2. Intestinal proteases and the brush border

Peptides surviving the stomach encounter pancreatic proteases (trypsin, chymotrypsin, elastase, carboxypeptidases) in the duodenum, followed by membrane-bound peptidases (aminopeptidase N, dipeptidyl peptidase IV) on the intestinal brush border. DPP-IV is particularly relevant for peptide pharmacology — it cleaves GLP-1 at position 2 within minutes, which is why native GLP-1 has a 2-minute half-life.

3. Hepatic first-pass extraction

Any peptide absorbed through the intestinal wall enters the portal circulation and passes through the liver before reaching systemic blood. The liver contains additional proteases and metabolic enzymes that further degrade peptide fragments. Hepatic first-pass extraction can remove 50–90% of absorbed drug.

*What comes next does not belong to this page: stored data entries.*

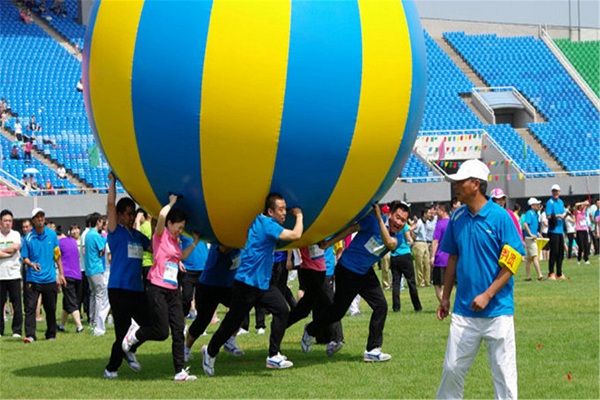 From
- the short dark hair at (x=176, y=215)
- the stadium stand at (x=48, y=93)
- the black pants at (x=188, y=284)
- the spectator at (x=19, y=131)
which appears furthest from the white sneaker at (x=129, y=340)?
the spectator at (x=19, y=131)

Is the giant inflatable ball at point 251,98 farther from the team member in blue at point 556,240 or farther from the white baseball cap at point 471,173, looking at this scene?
the team member in blue at point 556,240

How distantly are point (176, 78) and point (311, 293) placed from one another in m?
3.67

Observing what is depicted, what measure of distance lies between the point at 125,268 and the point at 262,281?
51.1 inches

The combined effect: oral bioavailability for most unmodified peptides is less than 1%. A 5 mg oral dose may deliver less than 50 micrograms to the systemic circulation.

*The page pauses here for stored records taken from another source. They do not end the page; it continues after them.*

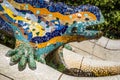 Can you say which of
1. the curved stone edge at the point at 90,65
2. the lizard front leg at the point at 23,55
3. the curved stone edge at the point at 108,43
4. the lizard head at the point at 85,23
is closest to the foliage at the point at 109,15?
the curved stone edge at the point at 108,43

Why this matters for peptide therapy

First-pass metabolism is why most therapeutic peptides are administered by injection (subcutaneous, intramuscular, or intravenous), bypassing the GI tract entirely. It is also why intranasal delivery is preferred for CNS-targeted peptides like Semax and Selank — nasal mucosa absorption avoids both GI degradation and hepatic first-pass.

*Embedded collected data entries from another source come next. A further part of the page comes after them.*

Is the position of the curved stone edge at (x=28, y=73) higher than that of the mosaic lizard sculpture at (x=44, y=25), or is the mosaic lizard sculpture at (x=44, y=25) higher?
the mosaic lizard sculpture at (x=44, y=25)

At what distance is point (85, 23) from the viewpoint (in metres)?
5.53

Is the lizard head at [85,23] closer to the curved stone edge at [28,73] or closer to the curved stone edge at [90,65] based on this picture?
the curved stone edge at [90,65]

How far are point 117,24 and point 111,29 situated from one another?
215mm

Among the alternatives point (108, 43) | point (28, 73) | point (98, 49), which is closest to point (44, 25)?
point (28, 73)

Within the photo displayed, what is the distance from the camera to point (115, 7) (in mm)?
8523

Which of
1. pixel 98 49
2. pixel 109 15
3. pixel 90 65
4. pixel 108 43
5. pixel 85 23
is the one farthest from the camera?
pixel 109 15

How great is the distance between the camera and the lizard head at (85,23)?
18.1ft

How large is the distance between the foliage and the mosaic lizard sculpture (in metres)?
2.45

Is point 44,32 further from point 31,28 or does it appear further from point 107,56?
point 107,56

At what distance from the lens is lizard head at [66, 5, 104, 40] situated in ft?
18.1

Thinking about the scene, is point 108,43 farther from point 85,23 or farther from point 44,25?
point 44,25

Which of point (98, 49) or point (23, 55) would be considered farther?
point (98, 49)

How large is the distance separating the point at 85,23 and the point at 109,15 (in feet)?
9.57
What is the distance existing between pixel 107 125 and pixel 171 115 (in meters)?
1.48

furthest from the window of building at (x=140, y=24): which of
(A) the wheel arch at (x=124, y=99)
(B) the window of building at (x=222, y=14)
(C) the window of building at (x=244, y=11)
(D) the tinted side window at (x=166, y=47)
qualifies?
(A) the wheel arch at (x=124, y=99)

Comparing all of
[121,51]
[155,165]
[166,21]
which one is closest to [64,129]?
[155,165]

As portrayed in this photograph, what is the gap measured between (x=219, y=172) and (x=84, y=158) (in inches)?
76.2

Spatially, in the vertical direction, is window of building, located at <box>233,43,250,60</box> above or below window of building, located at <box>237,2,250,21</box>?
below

The delivery route determines:

• Bioavailability: subcutaneous injection typically achieves 65–95% bioavailability vs. <1% oral for unmodified peptides
• Onset: IV is immediate; SC is 15–60 minutes; oral (if viable) is 30–120 minutes
• Patient compliance: oral is preferred by patients; injection is a barrier to adherence
• Cost: lower bioavailability means higher doses are needed, increasing cost per effective dose

Engineering solutions for oral peptides

The pharmaceutical industry has invested heavily in overcoming first-pass metabolism for peptides:

Oral semaglutide (Rybelsus)

The landmark achievement in oral peptide delivery. Rybelsus co-formulates semaglutide with SNAC (sodium N-[8-(2-hydroxybenzoyl)amino] caprylate), an absorption enhancer that:

1. Locally raises gastric pH, protecting semaglutide from pepsin
2. Promotes transcellular absorption across the gastric epithelium
3. Transiently increases membrane permeability

Even with this engineering, oral semaglutide has only ~1% bioavailability — a 14 mg oral tablet delivers roughly the same exposure as a 1 mg subcutaneous injection. The patient must take it on an empty stomach with minimal water and wait 30 minutes before eating. Despite these constraints, Rybelsus proved that meaningful oral peptide therapy is achievable.

Other approaches

• Protease inhibitors: co-formulating peptides with protease inhibitors (aprotinin, soybean trypsin inhibitor) to reduce enzymatic degradation in the intestine
• Enteric coatings: acid-resistant coatings that dissolve only at intestinal pH, bypassing gastric degradation
• Permeation enhancers: molecules that transiently open tight junctions between intestinal epithelial cells (sodium caprate, chitosan derivatives)
• Nanoparticle encapsulation: polymer or lipid nanoparticles that protect peptides during GI transit and promote transcytosis across the intestinal barrier
• PEGylation and lipidation: attaching polyethylene glycol chains or fatty acids to peptides improves stability and extends half-life (semaglutide's C-18 fatty acid chain also aids albumin binding)

The practical takeaway

When evaluating a peptide product, the administration route should match the pharmacological reality:

• Injectable peptides (most research peptides) bypass first-pass entirely — this is the standard for good reason
• Intranasal peptides (Semax, Selank, oxytocin) avoid GI degradation and may access the CNS directly
• Oral peptide claims should be met with scrutiny unless the formulation specifically addresses acid stability, protease resistance, and absorption enhancement. An oral peptide without these engineering solutions is likely delivering negligible systemic exposure
• Topical peptides (GHK-Cu, Matrixyl in skincare) bypass first-pass by targeting local tissue — bioavailability is limited to the skin, which is the desired target

First-pass metabolism is not a limitation to overcome for its own sake — it is a biological reality that determines which delivery route will actually get a therapeutic peptide to its target.